Давид Бек - Мелик-Акопян Акоп "Раффи"
«Никакого толку от этих псаломщиков, — сердито заговорил мужчина сам с собой, — все у них — обряд, действо, таинство…»
«Псаломщиками» он называл священников.
«Хоть в ста водах выкупай, все равно не выведешь из них запаха ладана», — буркнул он.
Кругом были горы, скалы и леса. Мужчина сидел на обломке камня, опершись спиной о ствол могучего векового дуба. В этой позе он походил на большого вурдалака, утоляющего жажду людской кровью. Он сидел здесь с того самого времени, как в войсках Давида Бека было получено тайное письмо из крепости.
Его нетерпение и раздражение достигли предела. Если бы кому-нибудь удалось в эту минуту разглядеть его лицо, он бы испугался: лицо мужчины было очень хмурым. Что же так возмутило его?
По своему характеру эго был добрый, милосердный и тихий человек. Но известно, что такие люди в пылу гнева бушуют, как страшные бури в Тихом океане. Хоть и не часто штормит океан, но уж когда начнет, то кораблекрушение неминуемо.
Его мрачное лицо сразу прояснилось, когда он увидел над крепостью алые сполохи. Они росли, становились ярче и, подобно первым солнечным лучам, осветили окружающие горы. Порой сполохи гасли, словно по ним проходили черные тучи и закрывали собой яркое свечение. И уже з следующую минуту надо всем этим разорвалась в воздухе ракета, и огненные искры посыпались во все стороны
«Наконец-то! — произнес мужчина и встал. — Итак, занавес поднялся, „псаломщик“ появился на сцене».
У подножия горы на берегу реки располагалось войско Давида Бека. Мужчина спустился с горы и направился к палатке мелика Парсадана.

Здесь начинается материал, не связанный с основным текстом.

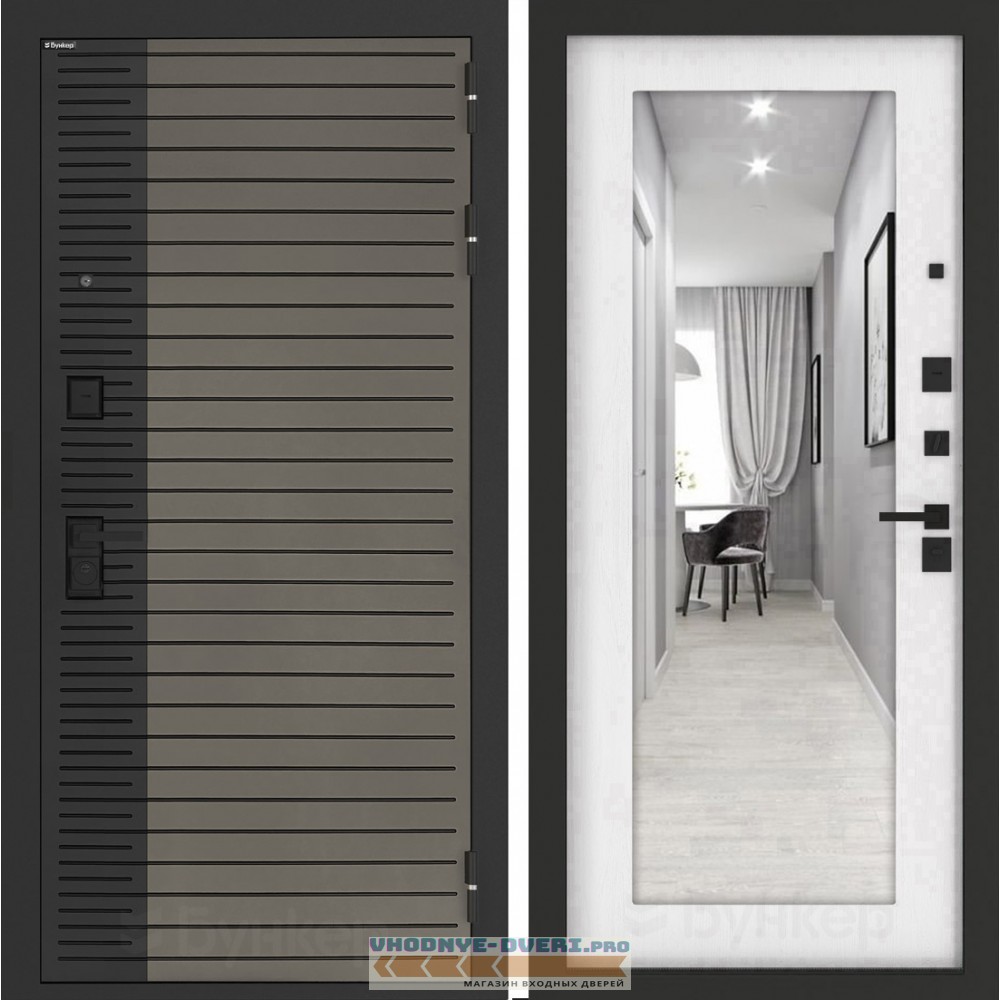 Входная дверь BN-15 с зеркалом ФЛЗ-603 Белое дерево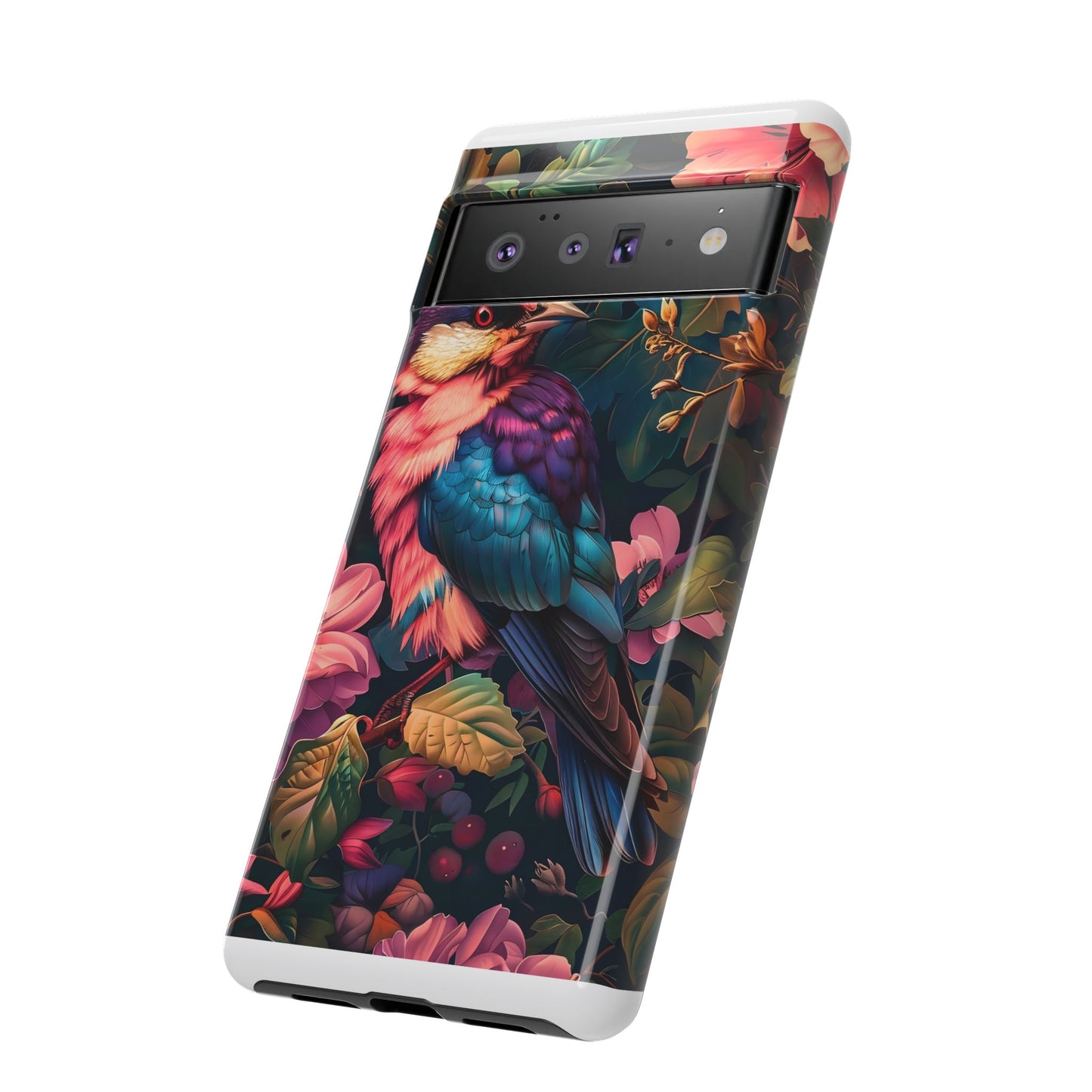 Tough Cases: Vibrant Tropical Bird Phone Case, Floral Smartphone Cover, Nature Lover Gift, Boho Phone Accessory, Cute Bird Case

Большая часть ополченцев не сомкнула ночью глаз. Мужчина шел и ворчал себе под нос:
«Небось, он и не спит вовсе. Старые дэвы спят раз в семь лет, и семь дней подряд».
Он оказался прав: в шатре старого воина горел свет. Мелик Парсадан сидел один в палатке и читал маленькую книжку. То был Нарек, к которому благочестивый старик питал большую склонность, обращаясь к нему ежедневно по утрам и вечерам.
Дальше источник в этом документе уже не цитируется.